(Short text fragments from websites)
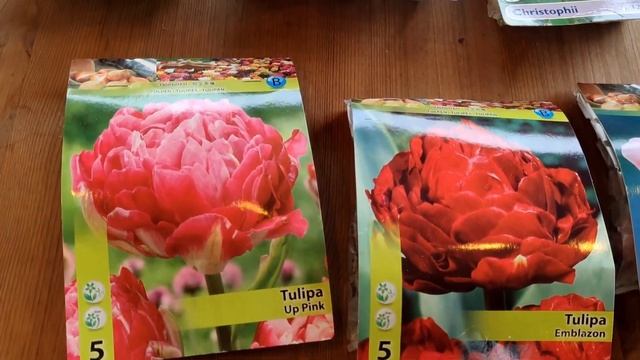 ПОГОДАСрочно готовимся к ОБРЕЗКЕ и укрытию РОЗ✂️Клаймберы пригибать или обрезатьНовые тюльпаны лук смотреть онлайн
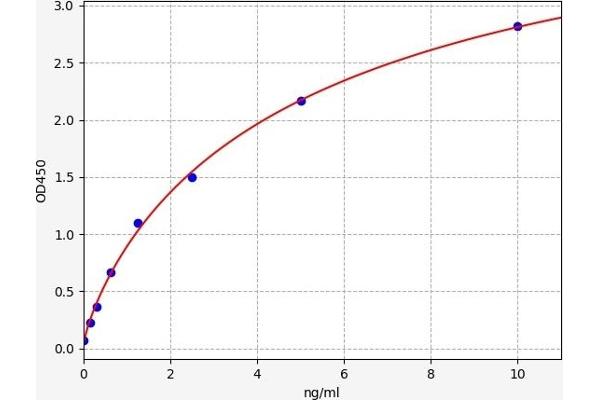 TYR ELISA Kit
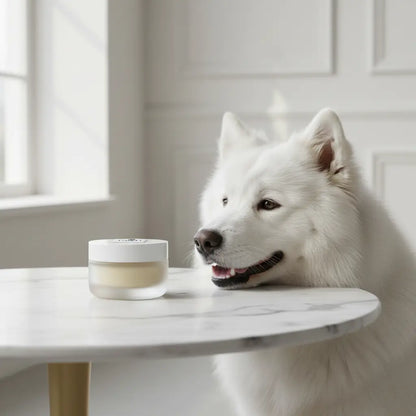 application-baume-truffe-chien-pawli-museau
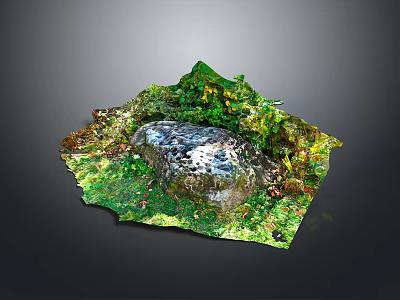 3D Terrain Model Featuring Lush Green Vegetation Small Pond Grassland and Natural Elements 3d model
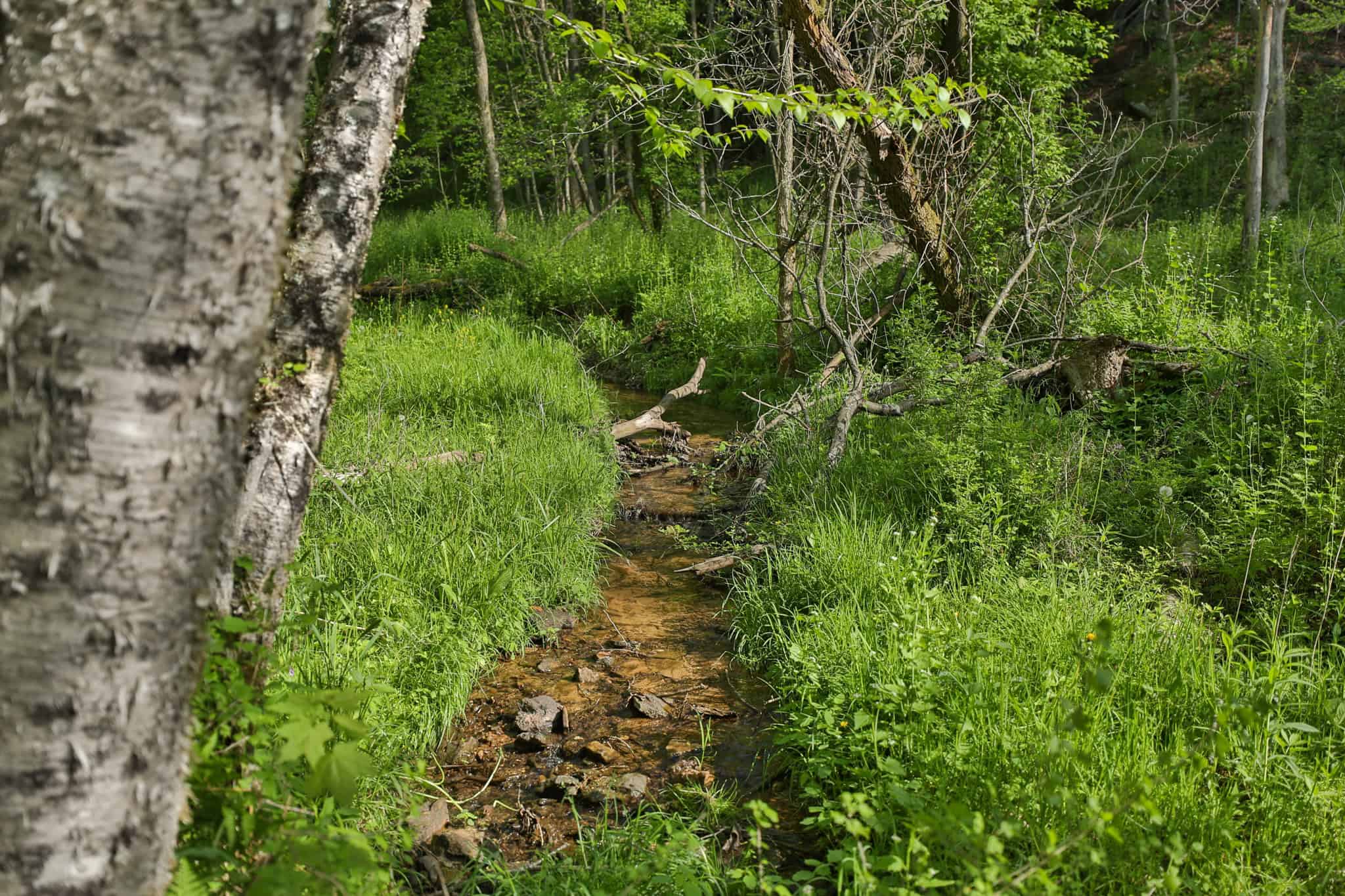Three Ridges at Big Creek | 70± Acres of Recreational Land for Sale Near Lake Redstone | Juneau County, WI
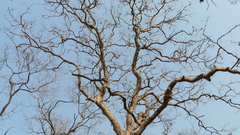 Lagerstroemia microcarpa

*ABOUT THIS EXERCISE:* Leave out the pictures and repeat exactly the lines from the one containing "TYR ELISA Kit" through the last line of the entries.

*EXERCISE OUTPUT:*
 TYR ELISA Kit
 application-baume-truffe-chien-pawli-museau
 3D Terrain Model Featuring Lush Green Vegetation Small Pond Grassland and Natural Elements 3d model
Three Ridges at Big Creek | 70± Acres of Recreational Land for Sale Near Lake Redstone | Juneau County, WI
 Lagerstroemia microcarpa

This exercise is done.